Councils spend half a billion on projects they're unable to afford
CITY and county councils have spent more than half a billion euro building houses and water treatment plants and buying land without having funding in place.
A report from the Department of the Environment says that almost €540m has been spent on capital projects without funding being available, and warns of the "deteriorating financial position" of a number of councils across the country.
Some 20 of the 34 local authorities are technically insolvent, and are relying on overdrafts and bank borrowings to meet day-to-day expenses.
In some cases, all discretionary spending has been "effectively eliminated", with Sligo County Council warning that it is retaining services "at levels to ensure compliance with statutory obligations".
The Local Government Audit Service Activity Report examines spending in 2012, the last year for which figures are available, and warns that the merging of city and county councils, abolition of town and borough councils and the transfer of water services to Irish Water will present "major challenges" for the sector.
"Management should have in place additional reporting/ oversight arrangements on the activities of the merging authorities as and from January to May 2014," it says.
"The finance functions in local authorities must be adequately supported to deliver the significant demands in this area."
The report also notes a sharp decline in spending among councils since the height of the boom, particularly on capital projects. Spending in this area has plummeted from €6.134bn in 2008, to €1.791bn in 2012.
Purchase of land and other assets has dropped from just over €1bn in 2008 to just €163m last year, and development contributions are down to €45m from €460m in six years ago.
Key concerns raised include the level of unpaid charges, including rates and rents, across the 34 local authorities, poor financial management and a failure to go to the market to seek the best price for services.

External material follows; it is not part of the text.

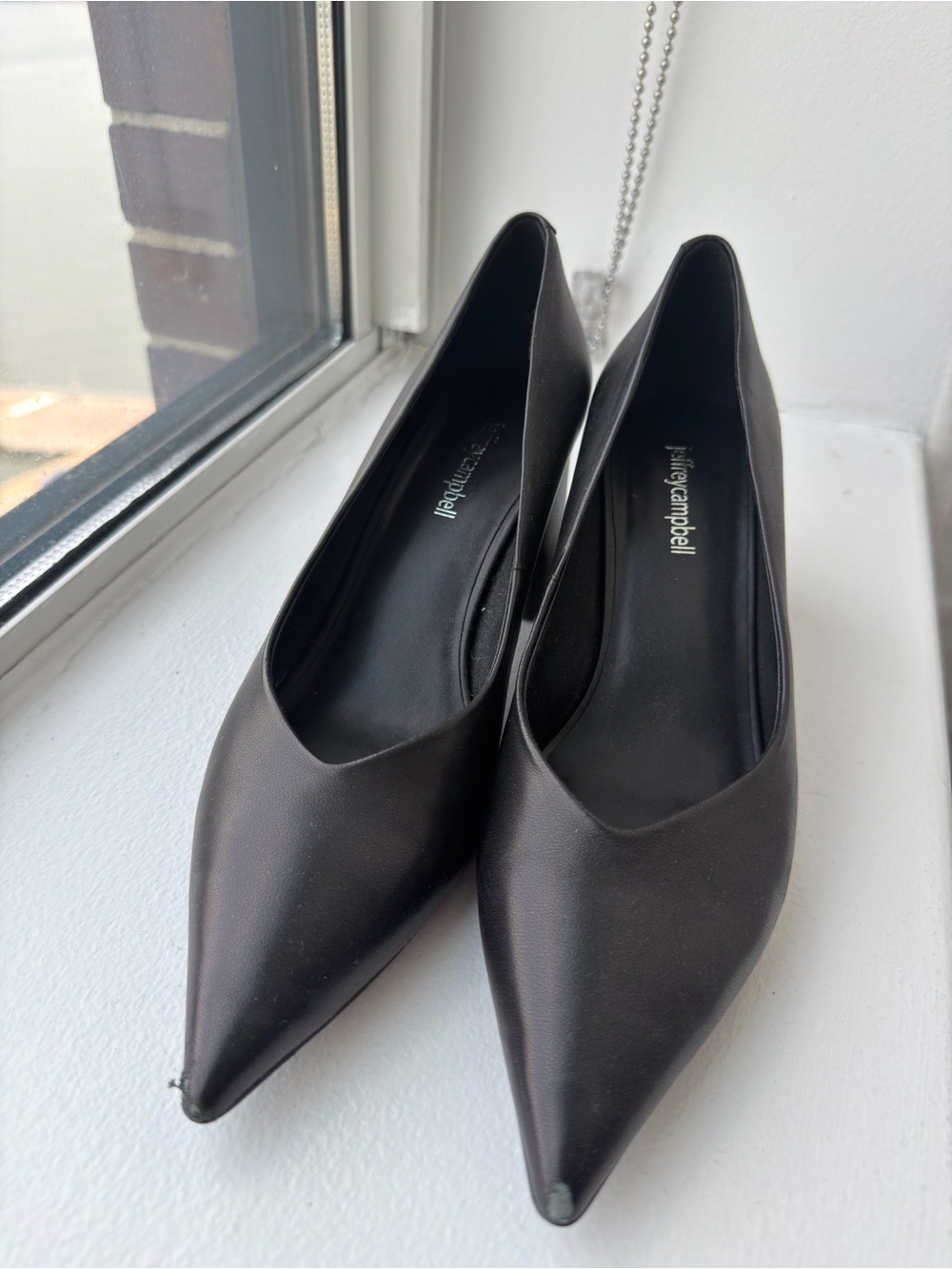 Black block heel pumps Jeffrey Campbell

Councils also owe some €2.3bn, some of which is only being repaid on an interest-only basis. In addition, people who secured mortgages through the local authorities owe €1.3bn, but arrears in this area are mounting.
Some council staff also enjoy "acting up allowances" for carrying out particular roles, without approval from the Department of the Environment, and assets are not being properly recorded.
There are also concerns about a lack of internal audit functions in some councils to oversee day-to-day spending. There is a "lack of oversight" in how scarce public funds are being spent in some cases, while Mayo County Council was criticised for "effectively disbanding" its internal audit unit in June 2011.
The report says a "major revaluation" of assets including land, buildings and houses will need to be undertaken "when market conditions allow".
On the issue of unfunded balances for capital projects, council managers have indicated they will be funded from future development levies, sales of assets and grants from the department.
Among the reasons given for the deterioration in local authorities' finances are the general economic collapse, reductions in funding from the Government, the cost of servicing loans and payment of retirement gratuities to departing staff.
The report says some €289m was spent in 2012 on pensions and gratuities.
The Department of the Environment said the overall spend in councils had reduced "considerably since 2008 as the amount available from central government has been pared back".
Staff numbers had dropped by 26pc from 37,243 in June 2008 to 27,456 in December 2013, with deep cuts in payroll including overtime and allowances. Savings of €839m were made in the same period due to efficiencies and changes to work practices.
A spokesman said the merger of councils in Tipperary, Limerick and Waterford, coupled with the dissolution of town and borough councils, would save up to €45m a year.